Reproduce only the lines from the one containing "Vintage Cherry Wood 2-Tier Side Table" through the end of the data, exactly as they stand.

** Opening Dataset extract block **

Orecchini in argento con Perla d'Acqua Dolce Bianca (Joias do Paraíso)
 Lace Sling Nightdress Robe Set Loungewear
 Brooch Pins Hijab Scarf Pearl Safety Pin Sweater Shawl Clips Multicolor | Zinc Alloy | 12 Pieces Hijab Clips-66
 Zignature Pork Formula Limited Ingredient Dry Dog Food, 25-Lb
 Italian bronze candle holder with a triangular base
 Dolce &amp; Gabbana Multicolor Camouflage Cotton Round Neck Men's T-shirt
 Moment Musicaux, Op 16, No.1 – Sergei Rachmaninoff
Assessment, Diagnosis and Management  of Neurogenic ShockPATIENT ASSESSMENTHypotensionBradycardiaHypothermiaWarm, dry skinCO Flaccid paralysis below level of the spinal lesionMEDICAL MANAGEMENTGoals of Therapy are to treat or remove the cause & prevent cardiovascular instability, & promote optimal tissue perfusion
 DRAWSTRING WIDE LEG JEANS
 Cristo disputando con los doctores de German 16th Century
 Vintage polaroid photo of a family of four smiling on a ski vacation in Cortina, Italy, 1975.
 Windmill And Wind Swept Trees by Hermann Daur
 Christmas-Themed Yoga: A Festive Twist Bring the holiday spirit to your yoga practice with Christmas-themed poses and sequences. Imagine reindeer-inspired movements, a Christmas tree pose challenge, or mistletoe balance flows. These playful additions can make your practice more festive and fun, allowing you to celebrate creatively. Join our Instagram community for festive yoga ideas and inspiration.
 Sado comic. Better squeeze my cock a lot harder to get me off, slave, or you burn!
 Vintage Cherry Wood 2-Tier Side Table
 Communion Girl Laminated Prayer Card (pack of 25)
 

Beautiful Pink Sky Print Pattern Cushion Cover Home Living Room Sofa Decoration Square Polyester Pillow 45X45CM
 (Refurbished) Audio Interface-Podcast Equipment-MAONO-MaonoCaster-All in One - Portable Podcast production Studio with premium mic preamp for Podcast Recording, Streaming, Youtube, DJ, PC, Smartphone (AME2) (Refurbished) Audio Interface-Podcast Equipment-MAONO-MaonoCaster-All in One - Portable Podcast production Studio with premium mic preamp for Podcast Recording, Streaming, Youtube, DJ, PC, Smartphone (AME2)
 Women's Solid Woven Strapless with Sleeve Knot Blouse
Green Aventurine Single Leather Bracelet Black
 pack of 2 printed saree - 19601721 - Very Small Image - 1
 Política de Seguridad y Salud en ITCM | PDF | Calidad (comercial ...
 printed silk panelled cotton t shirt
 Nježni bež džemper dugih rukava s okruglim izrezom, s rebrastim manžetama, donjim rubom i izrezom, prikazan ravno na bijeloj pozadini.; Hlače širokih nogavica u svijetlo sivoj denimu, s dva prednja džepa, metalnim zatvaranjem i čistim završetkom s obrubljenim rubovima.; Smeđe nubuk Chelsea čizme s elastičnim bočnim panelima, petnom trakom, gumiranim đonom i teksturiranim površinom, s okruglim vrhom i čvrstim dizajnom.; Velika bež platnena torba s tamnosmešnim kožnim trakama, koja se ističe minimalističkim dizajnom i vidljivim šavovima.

** Closing Dataset extract block **

▶ _Solved exercise_:
 Vintage Cherry Wood 2-Tier Side Table
 Communion Girl Laminated Prayer Card (pack of 25)
 

Beautiful Pink Sky Print Pattern Cushion Cover Home Living Room Sofa Decoration Square Polyester Pillow 45X45CM
 (Refurbished) Audio Interface-Podcast Equipment-MAONO-MaonoCaster-All in One - Portable Podcast production Studio with premium mic preamp for Podcast Recording, Streaming, Youtube, DJ, PC, Smartphone (AME2) (Refurbished) Audio Interface-Podcast Equipment-MAONO-MaonoCaster-All in One - Portable Podcast production Studio with premium mic preamp for Podcast Recording, Streaming, Youtube, DJ, PC, Smartphone (AME2)
 Women's Solid Woven Strapless with Sleeve Knot Blouse
Green Aventurine Single Leather Bracelet Black
 pack of 2 printed saree - 19601721 - Very Small Image - 1
 Política de Seguridad y Salud en ITCM | PDF | Calidad (comercial ...
 printed silk panelled cotton t shirt
 Nježni bež džemper dugih rukava s okruglim izrezom, s rebrastim manžetama, donjim rubom i izrezom, prikazan ravno na bijeloj pozadini.; Hlače širokih nogavica u svijetlo sivoj denimu, s dva prednja džepa, metalnim zatvaranjem i čistim završetkom s obrubljenim rubovima.; Smeđe nubuk Chelsea čizme s elastičnim bočnim panelima, petnom trakom, gumiranim đonom i teksturiranim površinom, s okruglim vrhom i čvrstim dizajnom.; Velika bež platnena torba s tamnosmešnim kožnim trakama, koja se ističe minimalističkim dizajnom i vidljivim šavovima.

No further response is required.